Sur l’avenue principale, une autre tente a été installée. Hamza, jeune de 25 ans, que nous avons rencontré l’année dernière dans le désert d’el-Kamour, est déjà prêt à toutes les éventualités.
« L’année dernière, Said Ar’Oud et Taher faisaient l’aller-retour entre el-Kamour et Tataouine pour approvisionner les protestataires. Le jour où on a réussi à fermer la vanne, les deux ont parcouru le trajet plus de 4 fois. Taher était au volant lorsque leur voiture s’était renversée et ils avaient perdu la vie. Avant eux, en 2017, Anouar Sokrafi avait été écrasé par une voiture de la Garde nationale… On n’est pas ici pour s’amuser, c’est pour eux que nous tenons à arracher leurs droits, qui sont les nôtres ».
Pour Tarek El-Hadad, les gouvernements qui se sont succédés ont tous failli à tenir leurs promesses.
« Nous avons perdu l’espoir d’avoir un gouvernement honnête. Nous avons perdu nos amis qui sont sortis pour la dignité, le travail et la liberté, les mêmes slogans que le peuple Tunisien a scandés en 2011. Quand nous avons fermé la vanne, l’année dernière, le Premier ministre a déclaré que les pertes étaient estimées à 800 millions de dinars. Alors on demande où est-ce qu’il est passé tout l’argent qu’ils gagnaient depuis des années et des années. Nous n’avons rien vu de cela à Tataouine ».

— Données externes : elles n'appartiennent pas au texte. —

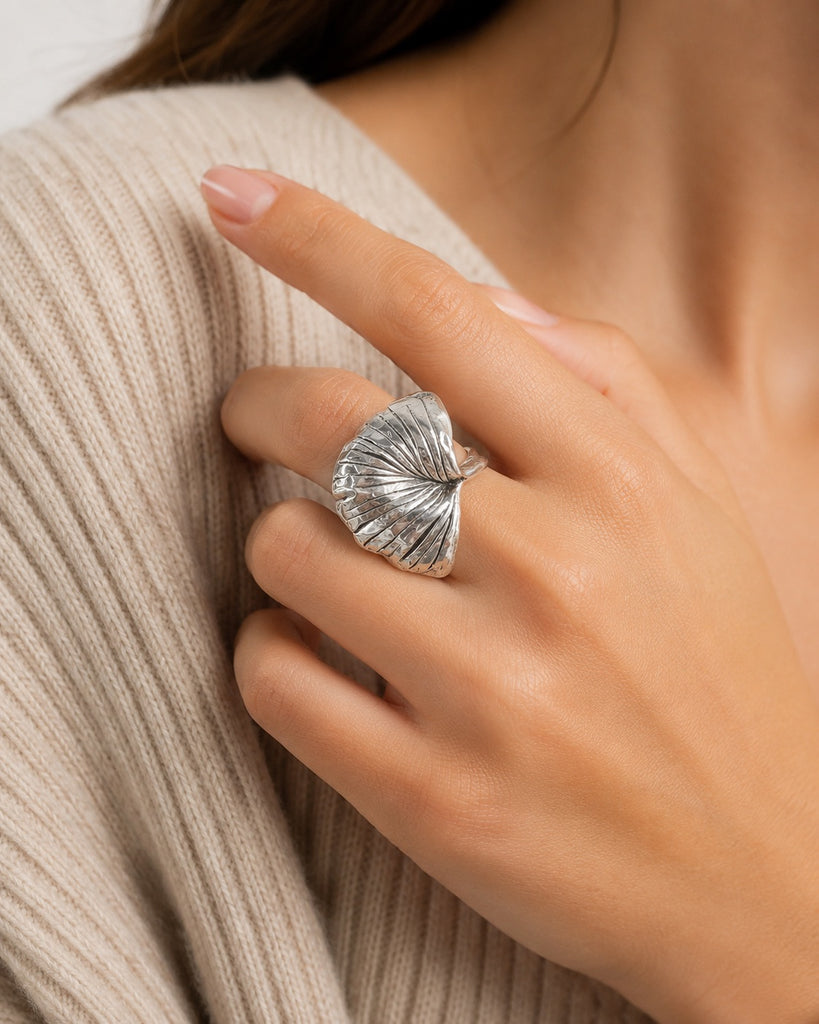 Ginkgo Charms Ginkgo Ring Sterling Silver Ginkgo Leaf Jewelry Ginkgo jewelry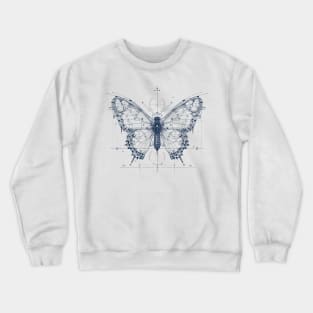 Fluttering Precision: The Technical Blueprint of a Butterfly Crewneck Sweatshirt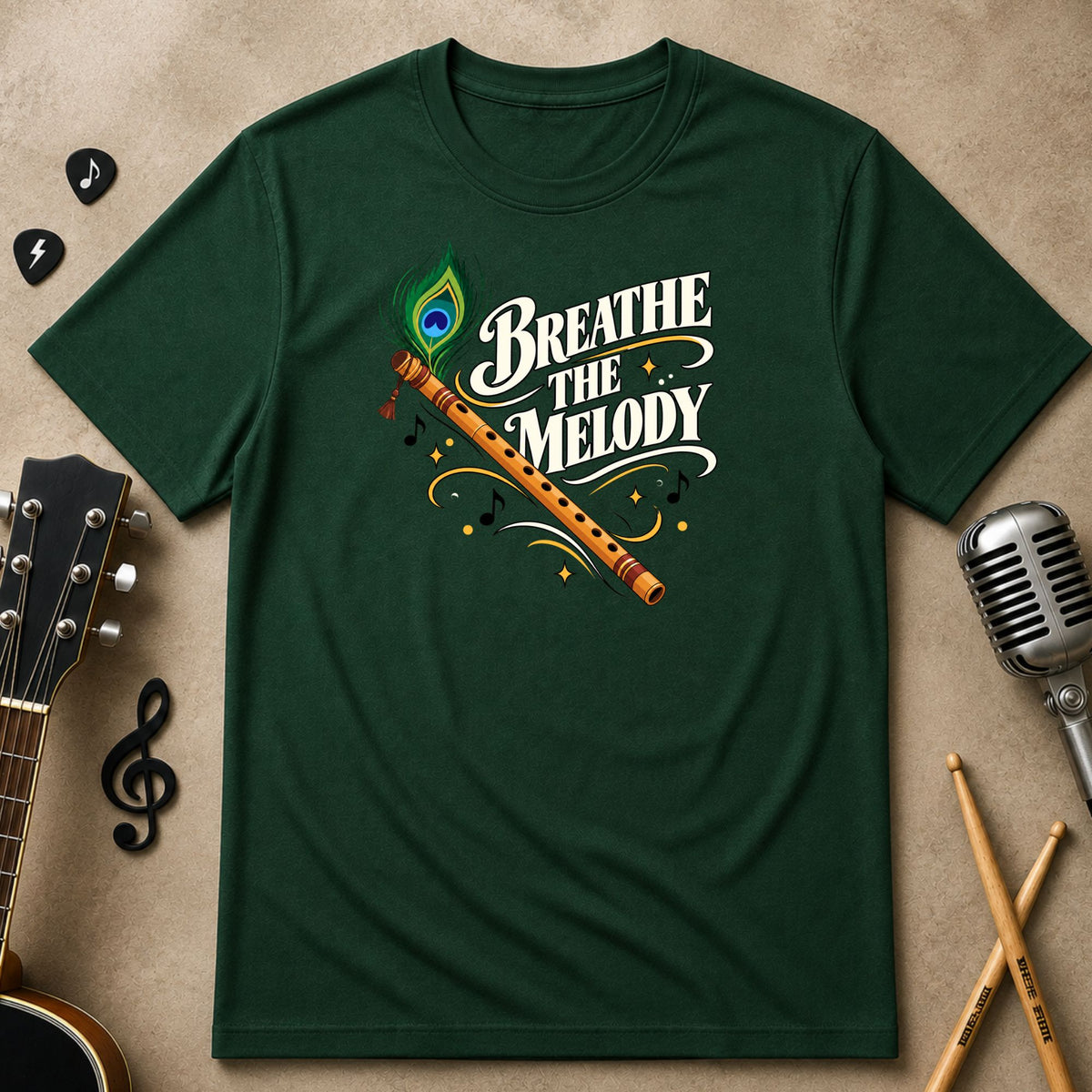 Breathe the Melody | Flute Unisex T-Shirt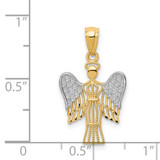 14k w/Rhodium Angel Pendant - RE-95EAC00A-8764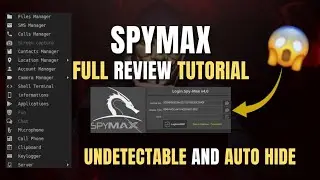 SpyMax(RAT) Full Setup Tutorial - Gain Access on Any Android - SpyMax Taturiaol 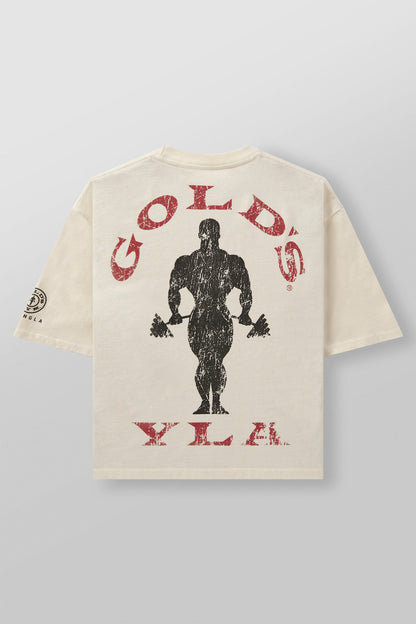 YoungLA 4002 - Golds Gym New Age Tees Off-White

Jeudi dernier, lorsque Tarek et ses amis avaient essayé de fermer la vanne, les militaires tunisiens les ont empêchés.
« Nous respectons l’armée nationale, et nous sommes prêts à se sacrifier pour elle. Mais ceux qui nous ont frappés, ne sont pas les nôtres, ils protègent les intérêts de compagnies. Nous les respectons mais ils doivent nous respecter aussi, parce que la souveraineté est au peuple, qu’ils le veuillent ou pas ».
Pour Khalifa Bouhawach, un autre jeune sit-inneur, “Tataouine est, aujourd’hui, à une croisée de chemins, un tournant dans le processus de négociations. Des décisions ont été prises après plusieurs sessions de négociation entre toutes les parties prenantes, que seule leurs application en inégalité peut résoudre les problèmes de Tataouine en matière de chômage, d’infrastructure, de développement et de création d’un environnement propice à l’investissement ».
Il ajoute qu’« à la fin de l’ultimatum, toutes les parties doivent travailler pour l'application et la mise en œuvre de ces décisions. Ce sont nos droits légitimes, pour qu’on puisse avancer et s’occuper de sujets plus importants. Revenir au point de départ n’est pas dans l’intérêt d’aucune partie. Ni nous, ni le gouvernement, ni les compagnies (pétrolières), ni la société, ni les responsables dans ce pays, ne doivent oublier que seul le traitement des problèmes sociaux pourra apaiser les tensions. »
Joint par téléphone, Adnen Yahyaoui, membre de l’Union régionale du travail à Tataouine, indique qu’une réunion entre les gouvernent et le comité des négociations de Tataouine aura lieu mardi à Tunis.